* THE PROBLEM:
Look through the material below and copy exactly the lines from the line with "Hello everyone. Today" to the line with "For this analysis, it", those two lines included.

================

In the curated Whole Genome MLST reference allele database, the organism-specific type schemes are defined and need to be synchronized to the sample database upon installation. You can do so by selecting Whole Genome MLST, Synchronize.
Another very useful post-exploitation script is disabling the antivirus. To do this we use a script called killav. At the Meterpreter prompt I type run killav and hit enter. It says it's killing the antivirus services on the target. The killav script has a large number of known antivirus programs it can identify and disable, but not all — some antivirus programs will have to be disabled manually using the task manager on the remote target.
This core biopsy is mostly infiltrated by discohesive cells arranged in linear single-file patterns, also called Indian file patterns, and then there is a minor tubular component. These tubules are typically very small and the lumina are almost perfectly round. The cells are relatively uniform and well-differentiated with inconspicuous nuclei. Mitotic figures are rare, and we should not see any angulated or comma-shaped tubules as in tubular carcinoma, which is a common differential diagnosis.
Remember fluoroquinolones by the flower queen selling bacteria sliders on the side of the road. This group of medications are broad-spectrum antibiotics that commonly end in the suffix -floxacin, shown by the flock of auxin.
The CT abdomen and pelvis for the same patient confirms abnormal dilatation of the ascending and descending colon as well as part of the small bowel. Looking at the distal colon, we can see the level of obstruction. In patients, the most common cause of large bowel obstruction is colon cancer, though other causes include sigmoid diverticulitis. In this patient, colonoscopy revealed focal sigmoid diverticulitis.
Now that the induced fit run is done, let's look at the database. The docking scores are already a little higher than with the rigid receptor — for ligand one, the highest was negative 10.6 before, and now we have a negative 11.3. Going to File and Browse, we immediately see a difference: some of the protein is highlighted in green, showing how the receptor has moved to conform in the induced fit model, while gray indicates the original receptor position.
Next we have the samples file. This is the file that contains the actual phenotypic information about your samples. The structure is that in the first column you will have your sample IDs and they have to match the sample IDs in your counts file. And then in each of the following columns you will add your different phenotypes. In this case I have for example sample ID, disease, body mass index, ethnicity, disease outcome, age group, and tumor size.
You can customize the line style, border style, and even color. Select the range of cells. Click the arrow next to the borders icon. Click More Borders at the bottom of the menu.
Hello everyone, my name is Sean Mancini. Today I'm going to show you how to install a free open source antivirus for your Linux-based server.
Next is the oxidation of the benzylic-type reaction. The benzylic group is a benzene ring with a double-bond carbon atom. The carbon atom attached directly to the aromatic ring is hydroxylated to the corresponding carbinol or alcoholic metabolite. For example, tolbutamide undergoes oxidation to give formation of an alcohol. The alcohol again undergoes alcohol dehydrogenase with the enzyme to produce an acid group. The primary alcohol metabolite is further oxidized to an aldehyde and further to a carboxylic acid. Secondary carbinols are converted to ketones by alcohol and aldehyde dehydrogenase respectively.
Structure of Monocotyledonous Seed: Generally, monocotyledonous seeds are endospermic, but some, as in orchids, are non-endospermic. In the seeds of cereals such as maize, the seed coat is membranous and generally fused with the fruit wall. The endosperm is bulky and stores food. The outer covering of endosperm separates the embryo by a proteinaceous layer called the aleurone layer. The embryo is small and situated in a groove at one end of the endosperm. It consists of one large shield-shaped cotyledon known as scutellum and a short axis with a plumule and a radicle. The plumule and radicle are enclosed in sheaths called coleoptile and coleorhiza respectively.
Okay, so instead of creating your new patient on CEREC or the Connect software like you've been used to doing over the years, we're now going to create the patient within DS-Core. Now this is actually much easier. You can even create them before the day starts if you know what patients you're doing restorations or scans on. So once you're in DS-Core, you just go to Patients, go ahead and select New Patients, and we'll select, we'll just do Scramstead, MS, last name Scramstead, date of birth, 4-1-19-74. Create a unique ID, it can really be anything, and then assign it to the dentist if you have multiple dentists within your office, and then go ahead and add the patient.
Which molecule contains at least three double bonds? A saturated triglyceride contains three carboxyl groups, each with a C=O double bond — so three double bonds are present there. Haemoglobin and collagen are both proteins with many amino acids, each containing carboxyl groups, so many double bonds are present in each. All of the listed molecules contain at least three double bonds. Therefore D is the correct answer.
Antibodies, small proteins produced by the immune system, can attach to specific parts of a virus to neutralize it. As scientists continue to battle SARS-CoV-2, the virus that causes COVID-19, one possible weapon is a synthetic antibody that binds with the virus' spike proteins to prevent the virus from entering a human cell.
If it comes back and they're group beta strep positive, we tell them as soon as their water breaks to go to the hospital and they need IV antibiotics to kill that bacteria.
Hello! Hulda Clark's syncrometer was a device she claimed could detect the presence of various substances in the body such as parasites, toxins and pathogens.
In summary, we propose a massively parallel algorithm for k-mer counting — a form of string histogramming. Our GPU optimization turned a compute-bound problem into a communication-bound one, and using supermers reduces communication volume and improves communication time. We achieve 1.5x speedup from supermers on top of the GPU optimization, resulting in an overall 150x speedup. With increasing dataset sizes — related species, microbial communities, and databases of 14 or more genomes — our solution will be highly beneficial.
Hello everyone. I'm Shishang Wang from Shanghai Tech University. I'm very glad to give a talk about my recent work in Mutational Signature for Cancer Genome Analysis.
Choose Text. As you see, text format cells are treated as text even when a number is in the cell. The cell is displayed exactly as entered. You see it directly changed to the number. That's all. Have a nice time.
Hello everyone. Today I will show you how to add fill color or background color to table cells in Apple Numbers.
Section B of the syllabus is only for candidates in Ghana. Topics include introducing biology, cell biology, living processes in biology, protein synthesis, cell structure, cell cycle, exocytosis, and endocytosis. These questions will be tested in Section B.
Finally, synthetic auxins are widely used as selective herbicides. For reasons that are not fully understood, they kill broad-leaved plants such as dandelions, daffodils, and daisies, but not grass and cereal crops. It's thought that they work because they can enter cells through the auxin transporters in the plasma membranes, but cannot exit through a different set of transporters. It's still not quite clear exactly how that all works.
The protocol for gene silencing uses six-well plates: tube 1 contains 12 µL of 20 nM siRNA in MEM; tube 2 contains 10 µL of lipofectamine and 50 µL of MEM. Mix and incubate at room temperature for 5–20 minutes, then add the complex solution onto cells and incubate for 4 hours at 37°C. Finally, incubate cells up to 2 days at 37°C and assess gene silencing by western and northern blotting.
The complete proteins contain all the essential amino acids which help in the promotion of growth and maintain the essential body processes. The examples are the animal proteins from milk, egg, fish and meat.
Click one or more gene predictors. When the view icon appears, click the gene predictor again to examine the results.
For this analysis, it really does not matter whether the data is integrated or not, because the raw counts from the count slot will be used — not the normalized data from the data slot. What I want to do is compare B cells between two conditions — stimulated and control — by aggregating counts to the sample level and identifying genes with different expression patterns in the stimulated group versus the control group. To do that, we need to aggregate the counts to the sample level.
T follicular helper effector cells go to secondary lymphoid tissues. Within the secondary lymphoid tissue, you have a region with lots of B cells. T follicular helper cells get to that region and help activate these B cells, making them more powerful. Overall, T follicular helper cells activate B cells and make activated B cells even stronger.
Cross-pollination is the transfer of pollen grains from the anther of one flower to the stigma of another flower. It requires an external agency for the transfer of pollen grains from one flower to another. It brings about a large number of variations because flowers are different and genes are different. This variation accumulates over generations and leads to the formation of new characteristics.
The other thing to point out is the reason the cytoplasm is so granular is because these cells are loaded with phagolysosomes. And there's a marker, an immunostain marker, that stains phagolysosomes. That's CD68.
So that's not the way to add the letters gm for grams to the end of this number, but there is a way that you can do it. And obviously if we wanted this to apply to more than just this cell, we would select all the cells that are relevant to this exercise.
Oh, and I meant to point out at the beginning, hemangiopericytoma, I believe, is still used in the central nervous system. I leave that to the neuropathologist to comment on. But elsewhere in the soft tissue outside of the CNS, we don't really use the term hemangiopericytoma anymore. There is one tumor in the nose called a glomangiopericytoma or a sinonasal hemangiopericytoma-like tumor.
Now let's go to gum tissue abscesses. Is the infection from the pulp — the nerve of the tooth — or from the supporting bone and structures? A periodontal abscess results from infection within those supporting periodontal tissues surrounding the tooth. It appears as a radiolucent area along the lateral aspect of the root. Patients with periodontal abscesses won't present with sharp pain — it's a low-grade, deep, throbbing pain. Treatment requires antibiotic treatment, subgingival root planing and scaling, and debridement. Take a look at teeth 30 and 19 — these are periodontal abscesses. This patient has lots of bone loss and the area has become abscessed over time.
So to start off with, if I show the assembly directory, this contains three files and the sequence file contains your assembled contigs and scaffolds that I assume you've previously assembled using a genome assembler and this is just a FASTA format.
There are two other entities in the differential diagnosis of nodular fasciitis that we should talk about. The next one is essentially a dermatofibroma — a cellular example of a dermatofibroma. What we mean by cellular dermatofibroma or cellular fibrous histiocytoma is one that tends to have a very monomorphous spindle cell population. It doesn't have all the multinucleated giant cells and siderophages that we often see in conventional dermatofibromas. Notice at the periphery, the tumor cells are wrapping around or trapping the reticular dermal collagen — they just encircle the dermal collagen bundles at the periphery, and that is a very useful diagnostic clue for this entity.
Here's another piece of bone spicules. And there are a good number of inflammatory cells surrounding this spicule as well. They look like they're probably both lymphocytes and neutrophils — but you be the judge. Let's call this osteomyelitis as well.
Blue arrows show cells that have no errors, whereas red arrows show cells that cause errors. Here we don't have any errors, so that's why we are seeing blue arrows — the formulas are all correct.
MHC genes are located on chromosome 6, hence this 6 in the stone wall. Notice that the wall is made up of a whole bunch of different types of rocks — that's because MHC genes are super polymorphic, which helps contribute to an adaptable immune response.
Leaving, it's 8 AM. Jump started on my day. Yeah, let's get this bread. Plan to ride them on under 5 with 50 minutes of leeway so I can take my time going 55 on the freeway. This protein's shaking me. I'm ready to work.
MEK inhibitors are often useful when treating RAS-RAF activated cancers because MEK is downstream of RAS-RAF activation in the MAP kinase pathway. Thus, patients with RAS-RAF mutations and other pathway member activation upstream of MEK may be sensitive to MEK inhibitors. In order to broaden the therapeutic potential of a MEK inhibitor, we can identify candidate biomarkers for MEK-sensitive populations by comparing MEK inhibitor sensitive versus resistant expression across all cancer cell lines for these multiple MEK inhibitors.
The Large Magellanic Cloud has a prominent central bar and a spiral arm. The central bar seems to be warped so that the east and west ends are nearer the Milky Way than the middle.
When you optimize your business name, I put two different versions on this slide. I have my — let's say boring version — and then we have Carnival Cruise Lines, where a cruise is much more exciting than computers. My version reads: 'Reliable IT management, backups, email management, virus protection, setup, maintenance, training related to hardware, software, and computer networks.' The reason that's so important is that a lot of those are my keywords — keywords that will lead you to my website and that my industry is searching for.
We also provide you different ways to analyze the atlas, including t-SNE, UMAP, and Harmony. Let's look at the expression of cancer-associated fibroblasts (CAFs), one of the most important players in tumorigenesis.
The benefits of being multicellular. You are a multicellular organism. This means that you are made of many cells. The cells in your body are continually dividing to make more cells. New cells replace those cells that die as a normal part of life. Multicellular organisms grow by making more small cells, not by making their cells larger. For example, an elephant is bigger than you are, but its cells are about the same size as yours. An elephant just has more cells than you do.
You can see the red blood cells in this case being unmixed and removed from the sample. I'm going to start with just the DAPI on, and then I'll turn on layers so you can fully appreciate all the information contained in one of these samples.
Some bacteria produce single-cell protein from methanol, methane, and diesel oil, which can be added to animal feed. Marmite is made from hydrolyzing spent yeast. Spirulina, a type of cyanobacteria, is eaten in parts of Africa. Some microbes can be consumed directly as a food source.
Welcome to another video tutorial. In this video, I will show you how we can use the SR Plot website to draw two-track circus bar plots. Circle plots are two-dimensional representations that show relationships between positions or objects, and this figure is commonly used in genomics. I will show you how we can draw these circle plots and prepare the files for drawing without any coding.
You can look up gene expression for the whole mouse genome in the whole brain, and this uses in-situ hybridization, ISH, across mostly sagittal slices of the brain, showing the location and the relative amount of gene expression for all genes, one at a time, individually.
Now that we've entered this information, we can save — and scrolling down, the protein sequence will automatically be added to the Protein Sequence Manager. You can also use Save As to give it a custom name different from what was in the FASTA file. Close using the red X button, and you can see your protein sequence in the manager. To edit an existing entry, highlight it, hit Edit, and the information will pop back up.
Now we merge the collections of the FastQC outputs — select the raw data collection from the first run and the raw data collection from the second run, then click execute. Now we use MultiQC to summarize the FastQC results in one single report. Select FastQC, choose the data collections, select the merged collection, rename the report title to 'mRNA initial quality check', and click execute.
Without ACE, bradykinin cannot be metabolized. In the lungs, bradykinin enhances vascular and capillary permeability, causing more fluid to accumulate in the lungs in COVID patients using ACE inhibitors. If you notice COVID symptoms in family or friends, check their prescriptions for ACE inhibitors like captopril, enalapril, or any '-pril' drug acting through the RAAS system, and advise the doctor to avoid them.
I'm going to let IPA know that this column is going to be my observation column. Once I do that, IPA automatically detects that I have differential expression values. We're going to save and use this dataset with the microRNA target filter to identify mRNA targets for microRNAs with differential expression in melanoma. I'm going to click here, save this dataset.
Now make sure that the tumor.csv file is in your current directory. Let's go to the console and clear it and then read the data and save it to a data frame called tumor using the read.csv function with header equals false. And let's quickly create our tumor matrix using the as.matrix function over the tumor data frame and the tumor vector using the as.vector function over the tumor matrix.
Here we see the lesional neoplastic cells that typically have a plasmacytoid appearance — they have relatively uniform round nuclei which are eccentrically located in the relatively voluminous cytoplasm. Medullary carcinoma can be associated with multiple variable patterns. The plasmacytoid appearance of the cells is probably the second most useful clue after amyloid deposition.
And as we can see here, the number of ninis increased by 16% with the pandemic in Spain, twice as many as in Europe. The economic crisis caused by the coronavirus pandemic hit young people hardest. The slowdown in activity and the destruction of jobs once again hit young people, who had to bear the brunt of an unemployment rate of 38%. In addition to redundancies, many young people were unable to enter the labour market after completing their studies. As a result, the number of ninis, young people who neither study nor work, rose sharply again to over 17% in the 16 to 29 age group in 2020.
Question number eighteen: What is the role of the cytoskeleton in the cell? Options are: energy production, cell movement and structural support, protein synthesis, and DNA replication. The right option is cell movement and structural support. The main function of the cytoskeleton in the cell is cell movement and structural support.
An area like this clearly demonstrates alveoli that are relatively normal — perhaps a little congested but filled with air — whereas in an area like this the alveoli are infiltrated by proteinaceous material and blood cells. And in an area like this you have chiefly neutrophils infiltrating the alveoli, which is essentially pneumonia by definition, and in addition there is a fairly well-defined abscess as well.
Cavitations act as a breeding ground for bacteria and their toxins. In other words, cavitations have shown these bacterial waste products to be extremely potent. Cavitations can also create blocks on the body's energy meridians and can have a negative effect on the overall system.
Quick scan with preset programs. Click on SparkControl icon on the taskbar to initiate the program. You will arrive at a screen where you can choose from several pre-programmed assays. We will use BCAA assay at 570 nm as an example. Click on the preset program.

================

* OUTPUT FOR THIS EXERCISE:
Hello everyone. Today I will show you how to add fill color or background color to table cells in Apple Numbers.
Section B of the syllabus is only for candidates in Ghana. Topics include introducing biology, cell biology, living processes in biology, protein synthesis, cell structure, cell cycle, exocytosis, and endocytosis. These questions will be tested in Section B.
Finally, synthetic auxins are widely used as selective herbicides. For reasons that are not fully understood, they kill broad-leaved plants such as dandelions, daffodils, and daisies, but not grass and cereal crops. It's thought that they work because they can enter cells through the auxin transporters in the plasma membranes, but cannot exit through a different set of transporters. It's still not quite clear exactly how that all works.
The protocol for gene silencing uses six-well plates: tube 1 contains 12 µL of 20 nM siRNA in MEM; tube 2 contains 10 µL of lipofectamine and 50 µL of MEM. Mix and incubate at room temperature for 5–20 minutes, then add the complex solution onto cells and incubate for 4 hours at 37°C. Finally, incubate cells up to 2 days at 37°C and assess gene silencing by western and northern blotting.
The complete proteins contain all the essential amino acids which help in the promotion of growth and maintain the essential body processes. The examples are the animal proteins from milk, egg, fish and meat.
Click one or more gene predictors. When the view icon appears, click the gene predictor again to examine the results.
For this analysis, it really does not matter whether the data is integrated or not, because the raw counts from the count slot will be used — not the normalized data from the data slot. What I want to do is compare B cells between two conditions — stimulated and control — by aggregating counts to the sample level and identifying genes with different expression patterns in the stimulated group versus the control group. To do that, we need to aggregate the counts to the sample level.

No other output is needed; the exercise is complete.